Barack Obama’s eloquence in the defense of idealism hasn’t changed since Iowa, but reaction to it has. He is accused of favoring uplifting rhetoric over hard policy choices. Some commentators complain that for them, the thrilling speeches of the primary season now produce little or no reaction. Obama speaks of a renewed world, but most old-timers, cynical or not, expect the world — especially the one inside the Beltway — to roll on without much change. Inertia will prevail over hope. We are fortunate, however, that Obama himself doesn’t believe any of this.

“Rhetoric” is what George Bush offered when he promised compassionate conservatism and insisted that he was a uniter, not a divider. The words were a cover up and a pretense, empty of sincere meaning. All along, one supposes, Bush’s right-wing agenda was firmly in place. Canny advisers knew the agenda wouldn’t sell, so they mounted a distraction that quite handily fooled enough of the voting public to achieve the desired results.

Obama’s words ring of sincerity, but that’s not the key thing: they grow from a much wider basis than one politician’s desire to be elected. It may be true that he resorts to cliches when speaking of a new world and dignity for every person, but the impulse behind them is shared by millions, not just in this country but around the globe. Spontaneous upwelling like this occurs rarely, and it often signifies radical change. The mechanics of mass movements baffle historians. Many kinds of simmering emotions never coalesce into a movement. Eastern Europe changed under Communism for forty-five years to no great effect except mass grumbling and depression, and those uprisings that did occur in Hungary and Czechoslovakia were quelled in a matter of days by brute force.

We aren’t talking about might against might now but something subtler.

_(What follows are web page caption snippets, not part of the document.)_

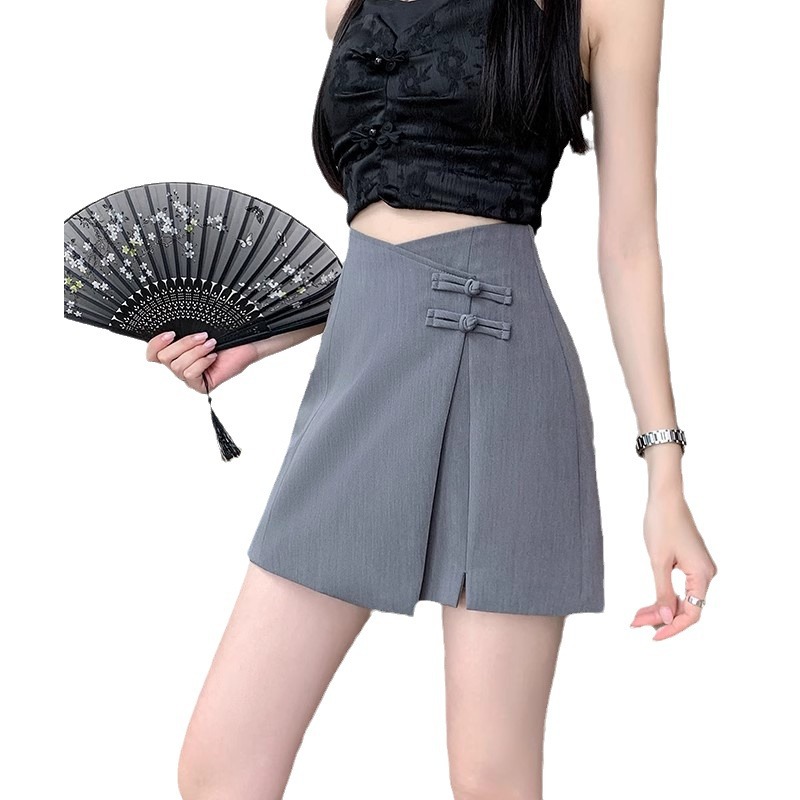 Picture of Grey A- line Short Skirt Women's Spring and Summer New Chinese Style Irregular Buckle Skirt Small Split Suit Culottes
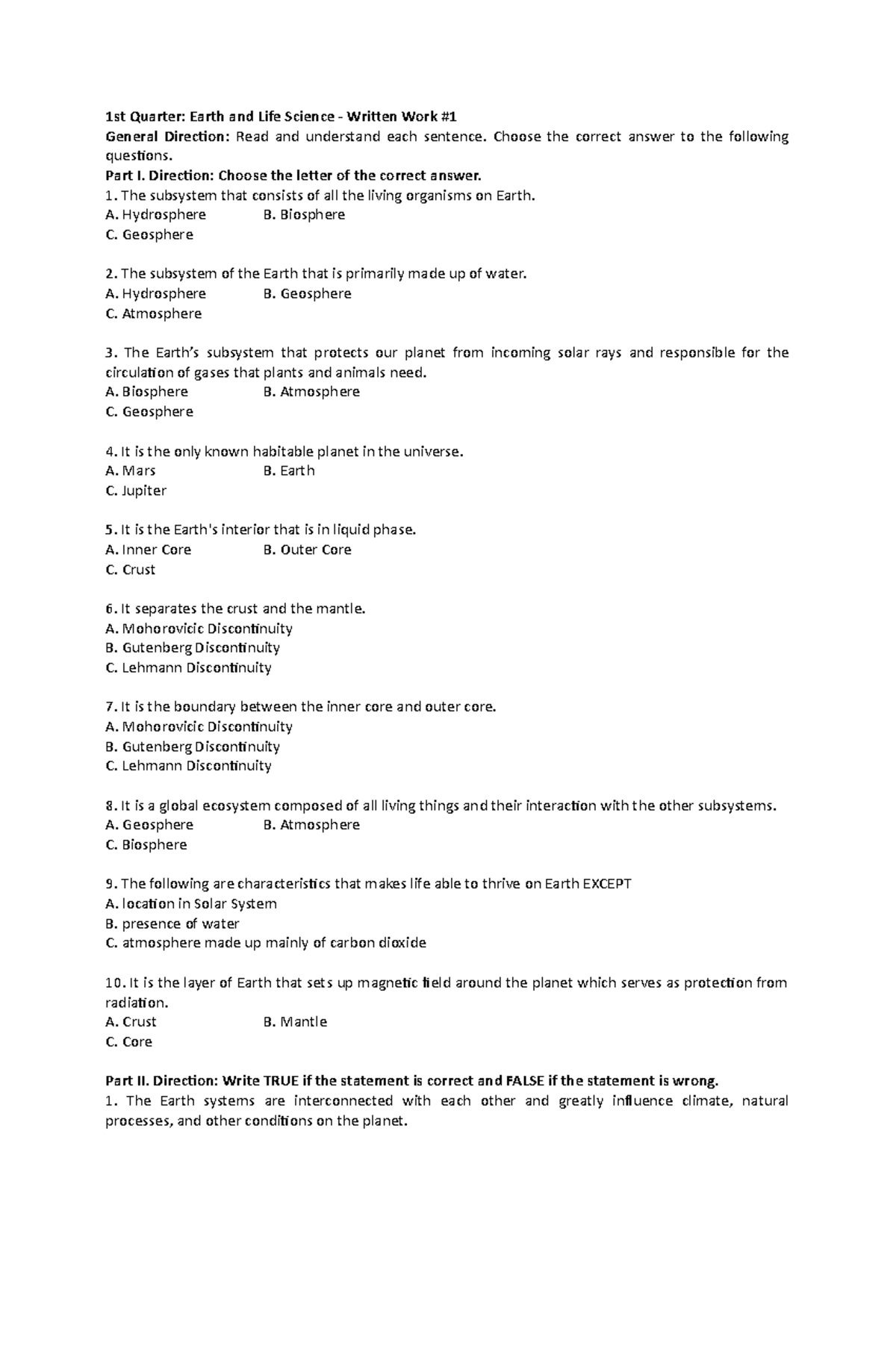 1st Quarter - Written Work #1 - 1st Quarter: Earth and Life Science ...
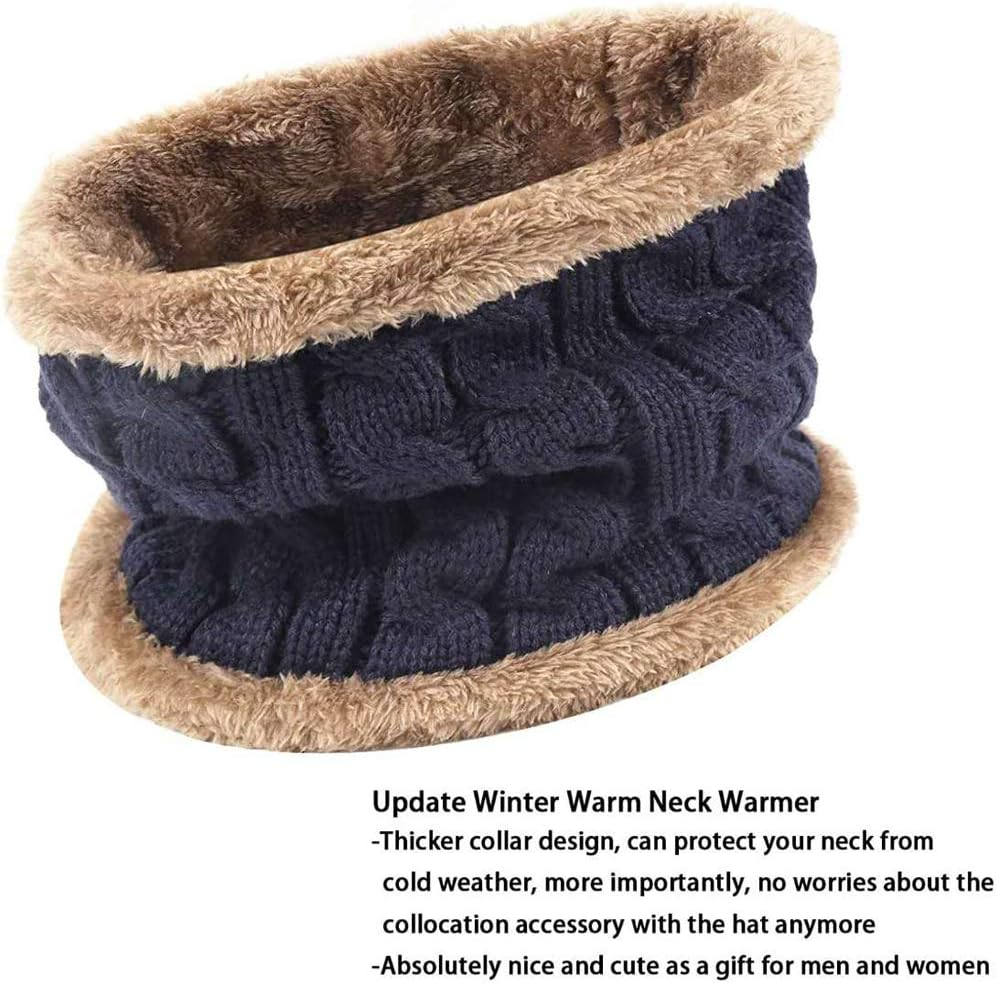 Aufondof 3 Pack Winter Knit Beanie Scarf Gloves Set for Men Thick Warm Sets Knitted Scarf Beanie Hat Touchscreen Gloves Neck Warmer with Fleece Lining image number 4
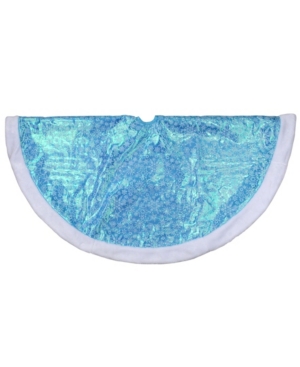Northlight Light Iridescent Mesh Glitter Snowflakes Christmas Tree Skirt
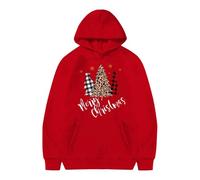 Generic Teen Pullover Christmas Snowflake Hoodie Winter Warm Christmas Print Pullover Sweatshirts Top, red, 13-14 Jahre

Obama was right to mention the Berlin Wall multiple times in his visit to that city, because the Wall was not pushed over by force, unless you mean the force of consciousness. Right timing and mass will came together perfectly; resistance and opposition were rendered powerless. Can the same magic strike again? We have immovable walls in the U.S., and no one knows if Obama will be like Woodrow Wilson, whose ideals about peace and international unity were crushed, or like Kennedy, who caught a wave of change stronger than he ever expected (his 1960 campaign, viewed objectively, was full of standard Cold War rhetoric).

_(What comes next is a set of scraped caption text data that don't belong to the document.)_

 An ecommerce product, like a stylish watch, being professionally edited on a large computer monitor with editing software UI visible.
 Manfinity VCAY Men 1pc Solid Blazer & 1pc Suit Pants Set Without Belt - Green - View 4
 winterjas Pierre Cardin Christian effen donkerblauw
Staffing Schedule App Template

Clearly millions of people, the majority of the electorate, want a new start on many fronts. Taken piecemeal, Obama’s chances of reforming Washington, reversing the enormous national debt, updating the tax code, offering universal health care, and establishing a new image abroad seem slim. Idealism, we are told, will come a cropper when it hits its head against solid reality. But that so-called solid reality was built on intangible ideas, hopes, wishes, and needs. Obama grasps this. He understands that tough policy decisions, which of course must be made, aren’t the stuff of inspiration. His campaign is a litmus test for whether a critical mass has formed or wether we are witnessing winds of change that will soon die down. The fate of the world doesn’t hang in the balance, but the future of America’s self-image does. National awareness has been stuck for eight years, and breaking it free needs the inspiration Obama is trying to apply.